The shares were acquired at a price of 475 kronor each. And according to Swedish takeover rules, that would mean that MAN would have to revise upwards its overall takeover bid, which is currently hostile, to reflect that higher price, the German group said.
MAN had so far been offering 442 kronor per Scania share. On the basis of the new price, MAN would have to shell out €10.2 billion for all of Scania.
Auto giant Volkswagen, which has truck interests in Brazil, is Scania’s biggest shareholder with a voting stake of 34 percent, but also holds just over 15 percent of MAN.
The off-market purchases by MAN angered Scania, which has so far turned down the German company’s advances.
“According to reports in the market MAN has, in parallel to proposing friendly talks between the two companies, entered the market as an aggressive buyer of high-voting A-shares in Scania,” the Swedish group said in a statement published on its website.
“The board of Scania reiterates its rejection of MAN’s offer as it substantially undervalues Scania.”
On Thursday, Scania reported a 55.0-percent rise in third-quarter net profit to 1.28 billion kronor.
MAN has long been trying to get its hands on Scania, but would prefer to do so via a friendly deal.
In a statement on Monday, the German group said it was prepared to withdraw its hostile bid for Scania under certain conditions, which it did not elaborate on.
But both Scania and its second-biggest shareholder, Investor AB, insist that MAN’s bidding price is too low.
“Having consulted with our financial advisers, we believe that the offer substantially undervalues Scania in two principal respects,” Scania said.
“The earnings outlook for the standalone company is significantly above current market consensus. And MAN’s announced synergies materially underestimate the true synergy potential of a combination of Scania and MAN.”
Investor said that “while there are industrial merits to a combination of the two companies, the initial bid did not at all reflect the long-term value and potential of Scania”.

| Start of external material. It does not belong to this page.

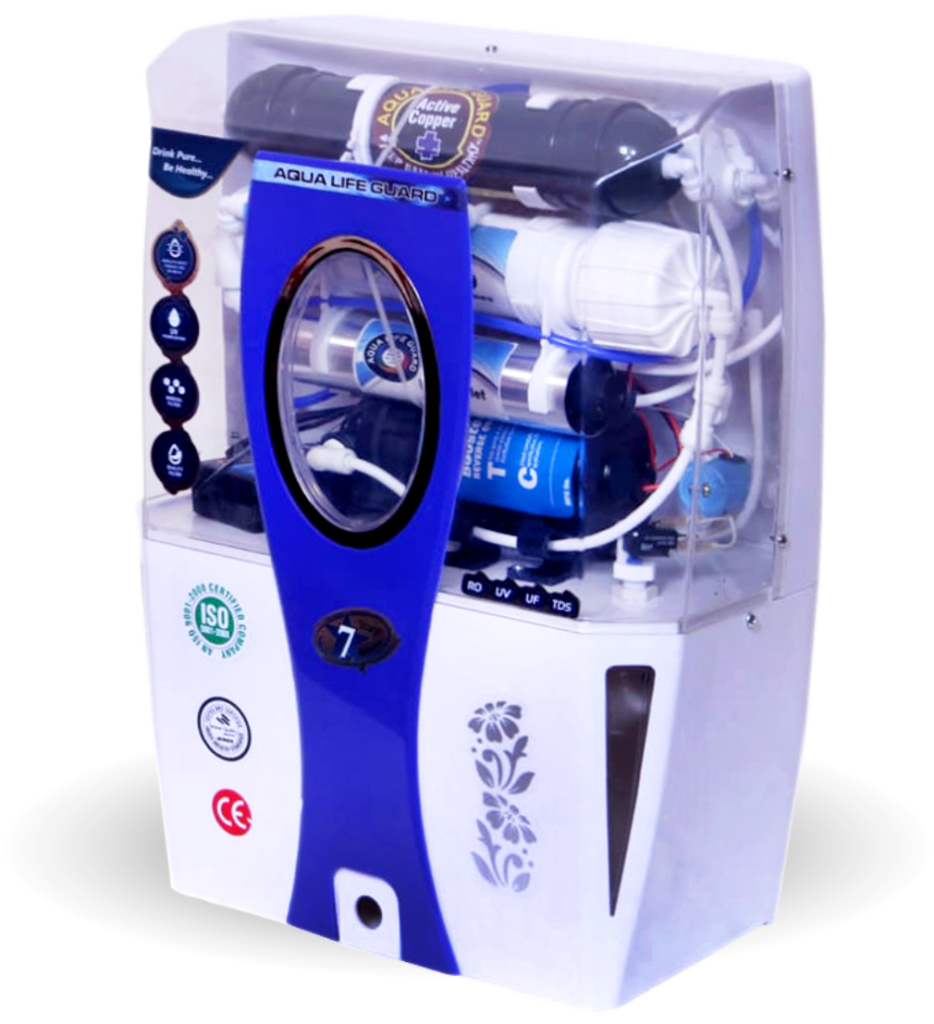 Best Ro Purifier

Investor estimated that “potential synergies in a combination of Scania and MAN are substantially higher than the 500 million euros per year indicated by MAN”.
Scania was “a strong company and well positioned to take advantage of anticipated high growth over the coming years in new markets”, Investor continued.
Volkswagen, also favours a friendly tie-up.
On Monday, VW urged both Scania and MAN to reach a rapid agreement on a tie-up that would create a new leader in Europe’s heavy trucks sector.
VW chief executive Bernd Pischetsrieder gave the two parties four weeks to reach an amicable deal.
But the Financial Times reported Thursday said that VW was losing patience with Scania and Investor over their refusal to talk.
And VW was prepared to back an attempt by MAN to buy up to 16 percent of Scania in a move that would give VW and MAN a combined majority stake, the newspaper said.
On the Frankfurt stock exchange, MAN shares were showing a gain of €1.09 or 1.62 percent at €68.43, making it the biggest gainer of the morning.